The classification theorem deals specifically with finite simple groups, not all finite groups. Emphasis on simple here. The simple groups have been completely classified, but finite groups in general (which can be built from these simple groups in more complex ways) are not fully classified. Hope that makes sense! :)

@@dibeos Not really, to "describe them all" we just construct all products of simple groups. We cannot easily see which one of those are isomorphic, be in that way we do describe them all! We just may get duplicates. So we could perhaps say that we are missing a unique standard way to describe each finite group as a product of simple groups in just one preferred way. (But I think the statement in the video suggests that it's worse than that... that's why I asked. 😇)

@@JosBergervoet > to "describe them all" we just construct all products of simple groups No, you can glue finite simple groups together in many different ways. A product is just one way of gluing groups together. It's very difficult to figure out what all the ways of gluing two groups together are.
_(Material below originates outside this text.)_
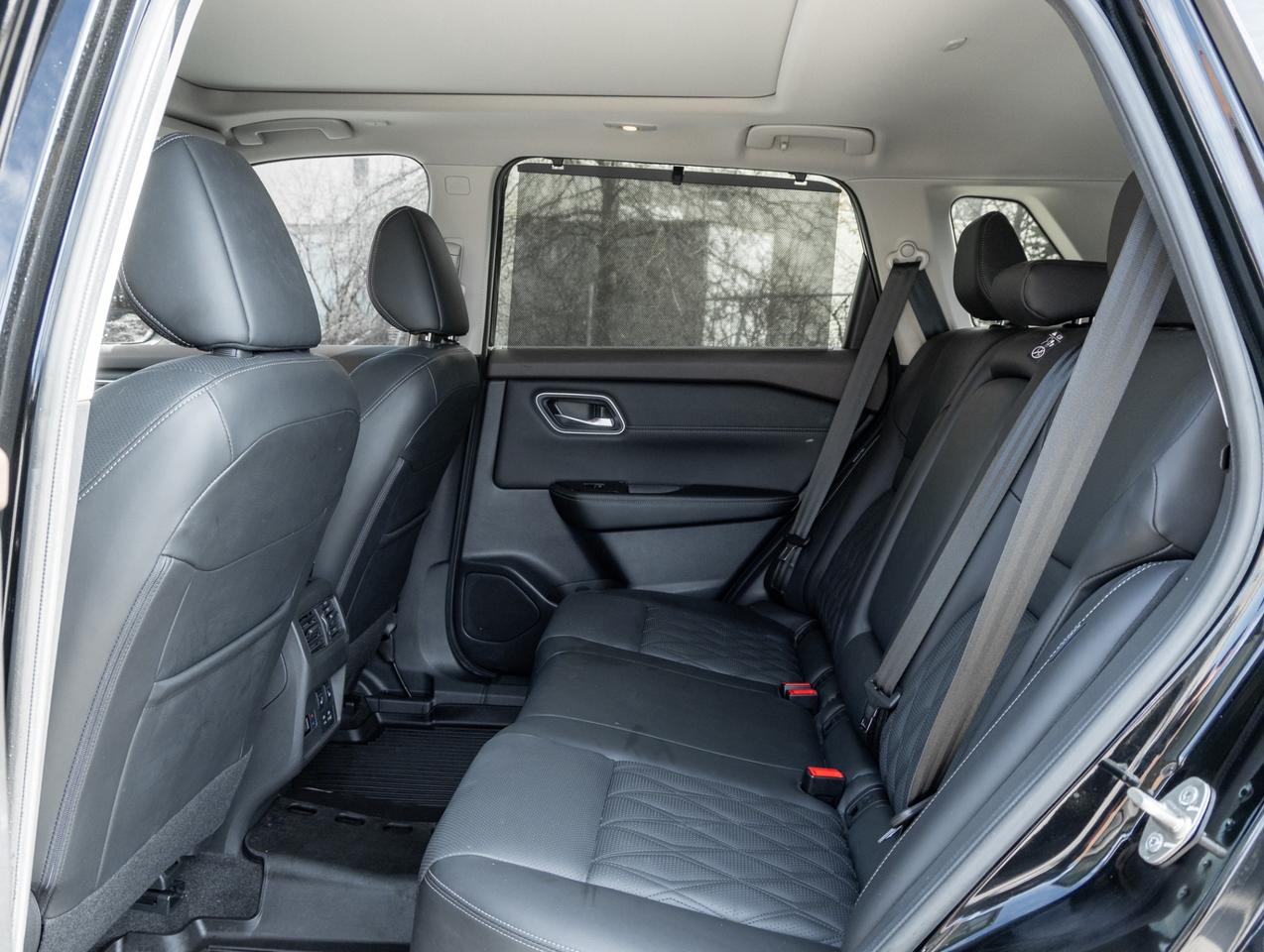 2023 Nissan Rogue AWD Platinum, Nav, Camera, Leather, Sunroof Photo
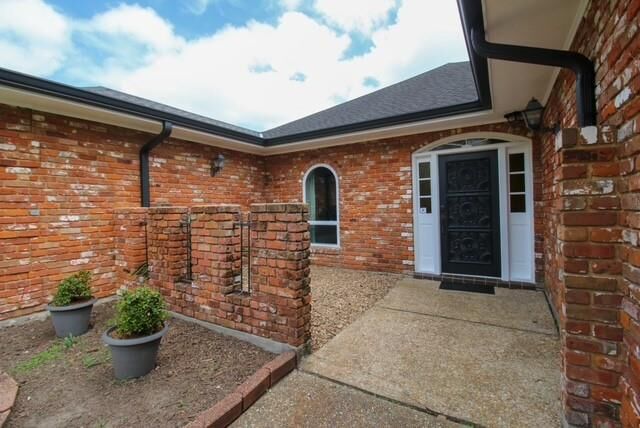 Property Photo:  1717 Emily Street  LA 70001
@@logosecho8530 Then to avoid calling it a "product" of groups, let's say that every finite group has a composition series, en.wikipedia.org/wiki/Composition_series#For_groups . That's still gluing finite simple groups together, as you call it, so it still leaves unclear what we are missing: is there fear that we don't get all finite groups in that way? We could even go completely back to basics: every finite group can be "described" by its multiplication table. So some (tedious) procedure could just generate them all. As viewers of the video we are of course curious to know: what are we missing? What more would mathematicians desire after the classification? It sounds like something is finished (nicely explained in the video!) and something is still missing, but there we are left in the dark, which of course makes this second point unbearably intriguing... You will need to make a follow-up video!

Could one compare the sitation to atomic physics and chemistry? Being able to describe the behaviour of all types of single atoms does not mean that one can also describe the behaviour of all molecules.